Tri-State Generation and Transmission Association will close all of its coal-fired power plants and mines in New Mexico and Colorado by 2030, the power provider that serves nearly 20 rural electric utilities in Colorado announced on Thursday.

Tri-State says it will close its Escalante Power Plant in Prewitt, New Mexico, by the end of 2020. It plans to close Craig Station and the Colowyo Mine in northwest Colorado by 2030.

Tri-State has been pressured by its rural electric co-op members — including Brighton-based United Power and Durango-based La Plata Electric Association — to make a faster transition to renewable energy in recent years. The pair have sought to break up with Tri-State as a result of the power wholesaler’s reluctance to use more renewables and in seeking more say over their power sources. About 31% of the power distributed by Tri-State comes from renewable sources.

MORE: Tri-State, under pressure from its member co-ops to change or fall behind, is shifting to renewable energy

Two co-ops have already negotiated exits from Tri-State. They are the Delta-Montrose Electric Association and the Kit Carson Electric Cooperative in Taos, N.M.

Tri-State, a Westminster-based, nonprofit power provider, retired its Nucla Station coal-fired power plant in September. The utility says the closures won’t cause electric rates to rapidly rise.

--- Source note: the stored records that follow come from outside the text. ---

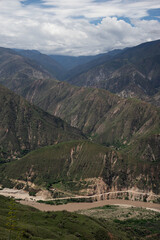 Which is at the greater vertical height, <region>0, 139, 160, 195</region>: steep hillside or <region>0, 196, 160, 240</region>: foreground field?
<region>0, 196, 160, 240</region>: foreground field

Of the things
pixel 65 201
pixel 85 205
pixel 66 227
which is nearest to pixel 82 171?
pixel 65 201

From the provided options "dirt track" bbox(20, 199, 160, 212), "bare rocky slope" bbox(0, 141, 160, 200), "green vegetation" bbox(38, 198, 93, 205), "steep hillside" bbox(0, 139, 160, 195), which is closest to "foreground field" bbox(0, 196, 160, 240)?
"dirt track" bbox(20, 199, 160, 212)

“Serving our members’ clean energy and affordability needs, supporting state requirements and goals, and leading the fundamental changes in our industry require the retirement of our coal facilities in Colorado and New Mexico,” Rick Gordon, chairman of the board of Tri-State and a director of Mountain View Electric Association in eastern Colorado, said in a written statement. “As we make this difficult decision, we do so with a deep appreciation for the contributions of our employees who have dedicated their talents and energy to help us deliver on our mission to our members.”

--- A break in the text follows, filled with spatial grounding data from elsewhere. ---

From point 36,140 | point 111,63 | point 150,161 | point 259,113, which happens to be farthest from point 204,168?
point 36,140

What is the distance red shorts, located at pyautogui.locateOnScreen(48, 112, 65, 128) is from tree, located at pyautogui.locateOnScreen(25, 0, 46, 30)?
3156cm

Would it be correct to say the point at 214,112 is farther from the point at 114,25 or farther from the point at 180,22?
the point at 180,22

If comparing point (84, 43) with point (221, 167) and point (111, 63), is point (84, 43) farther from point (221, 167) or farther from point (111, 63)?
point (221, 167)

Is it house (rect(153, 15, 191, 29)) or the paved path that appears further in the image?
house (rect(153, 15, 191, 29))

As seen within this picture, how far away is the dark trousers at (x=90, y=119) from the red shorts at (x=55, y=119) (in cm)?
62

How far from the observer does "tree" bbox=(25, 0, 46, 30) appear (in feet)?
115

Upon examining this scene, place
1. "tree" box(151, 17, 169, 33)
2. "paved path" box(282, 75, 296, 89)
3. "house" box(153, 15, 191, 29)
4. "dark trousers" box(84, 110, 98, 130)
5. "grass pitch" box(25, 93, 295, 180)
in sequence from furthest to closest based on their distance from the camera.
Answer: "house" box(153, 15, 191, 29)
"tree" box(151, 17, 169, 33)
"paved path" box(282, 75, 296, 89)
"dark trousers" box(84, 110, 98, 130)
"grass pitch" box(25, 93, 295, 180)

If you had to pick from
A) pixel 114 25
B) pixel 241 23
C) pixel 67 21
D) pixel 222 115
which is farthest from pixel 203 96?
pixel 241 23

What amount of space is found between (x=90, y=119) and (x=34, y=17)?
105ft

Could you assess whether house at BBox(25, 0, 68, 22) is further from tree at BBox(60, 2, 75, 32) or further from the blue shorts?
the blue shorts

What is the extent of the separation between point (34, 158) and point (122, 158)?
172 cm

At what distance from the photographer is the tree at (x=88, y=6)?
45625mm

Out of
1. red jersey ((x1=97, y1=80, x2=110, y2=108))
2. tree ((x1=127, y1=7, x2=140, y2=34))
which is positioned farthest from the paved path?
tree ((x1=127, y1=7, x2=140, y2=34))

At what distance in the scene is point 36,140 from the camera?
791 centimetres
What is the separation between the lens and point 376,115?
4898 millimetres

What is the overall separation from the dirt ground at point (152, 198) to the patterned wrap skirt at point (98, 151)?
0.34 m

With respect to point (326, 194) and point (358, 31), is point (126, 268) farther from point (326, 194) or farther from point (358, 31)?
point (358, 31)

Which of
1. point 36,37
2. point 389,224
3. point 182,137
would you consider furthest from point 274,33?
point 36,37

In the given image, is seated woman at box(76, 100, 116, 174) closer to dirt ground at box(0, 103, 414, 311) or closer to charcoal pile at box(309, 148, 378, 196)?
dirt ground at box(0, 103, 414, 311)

Gov. Jared Polis touted the move in his State of the State address on Thursday morning, calling the news “exciting.”

“This announcement will result in a 90% reduction in the utilities’ in-state greenhouse gas emissions,” Polis said. “This transition means lower energy costs and savings, more renewable energy jobs and reduced air pollution. It’s a bold step to protect the future of the planet and to prepare Colorado to succeed in the future.”

Colorado Gov. Jared Polis delivers his second state of the state address in the House chambers at the state Capitol on January 9, 2020 in Denver. (Kathryn Scott, Special to The Colorado Sun)

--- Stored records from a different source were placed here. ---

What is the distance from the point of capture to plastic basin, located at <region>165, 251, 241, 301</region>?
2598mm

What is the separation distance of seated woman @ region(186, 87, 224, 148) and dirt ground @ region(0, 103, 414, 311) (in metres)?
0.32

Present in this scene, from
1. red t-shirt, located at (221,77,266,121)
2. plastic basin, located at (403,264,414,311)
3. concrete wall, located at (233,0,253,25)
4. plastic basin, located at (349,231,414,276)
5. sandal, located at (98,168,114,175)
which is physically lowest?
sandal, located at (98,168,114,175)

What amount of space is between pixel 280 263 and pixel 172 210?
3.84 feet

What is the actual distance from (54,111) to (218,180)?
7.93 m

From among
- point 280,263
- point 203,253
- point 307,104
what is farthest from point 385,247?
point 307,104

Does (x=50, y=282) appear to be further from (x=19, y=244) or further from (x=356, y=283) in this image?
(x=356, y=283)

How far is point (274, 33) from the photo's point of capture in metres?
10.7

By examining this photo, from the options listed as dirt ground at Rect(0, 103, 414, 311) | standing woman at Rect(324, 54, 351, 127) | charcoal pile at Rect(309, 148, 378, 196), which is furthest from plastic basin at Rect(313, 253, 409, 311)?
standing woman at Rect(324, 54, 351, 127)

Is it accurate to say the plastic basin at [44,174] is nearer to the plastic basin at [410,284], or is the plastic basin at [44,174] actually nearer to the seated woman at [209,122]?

U.S. Rep. Scott Tipton, a Cortez Republican whose district include Craig Station and the ColoWyo Mine, lamented the loss of jobs and blamed Democrats. About 600 positions will be impacted.

“Tri-State should provide training and placement services for those employees who will be impacted by this announcement and the state of Colorado must do the same — and it needs to be comparable skills, opportunities and pay,” Tipton said.

U.S. Sen. Cory Gardner, a Colorado Republican, echoed that sentiment. “This is terrible news for Craig and northwestern Colorado. These are well-paying jobs that for years have allowed surrounding rural communities to thrive,” he said in a written statement.

Tri-State says it will work with state and local officials to support affected employees and their communities during the transition.

“With 10 years until the closure of Craig Station and Colowyo Mine, we have additional time to work with the legislature, our employees and the communities in Moffat and Rio Blanco counties to plan for and support the transition,” Tri-State CEO CEO Duane Highley said in a written statement. “Our work starts now to ensure we can continue to safely produce power while working with stakeholders to thoughtfully plan for the future.”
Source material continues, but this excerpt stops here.